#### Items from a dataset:
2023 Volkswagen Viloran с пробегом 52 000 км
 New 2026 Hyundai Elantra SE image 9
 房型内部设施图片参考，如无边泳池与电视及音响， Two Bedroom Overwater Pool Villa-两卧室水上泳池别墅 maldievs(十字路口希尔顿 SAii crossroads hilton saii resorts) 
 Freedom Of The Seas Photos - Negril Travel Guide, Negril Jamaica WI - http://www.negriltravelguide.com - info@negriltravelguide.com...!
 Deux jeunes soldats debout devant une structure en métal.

#### What you should do:
Output the records above in their entirety, exactly.

#### Task answer:
2023 Volkswagen Viloran с пробегом 52 000 км
 New 2026 Hyundai Elantra SE image 9
 房型内部设施图片参考，如无边泳池与电视及音响， Two Bedroom Overwater Pool Villa-两卧室水上泳池别墅 maldievs(十字路口希尔顿 SAii crossroads hilton saii resorts) 
 Freedom Of The Seas Photos - Negril Travel Guide, Negril Jamaica WI - http://www.negriltravelguide.com - info@negriltravelguide.com...!
 Deux jeunes soldats debout devant une structure en métal.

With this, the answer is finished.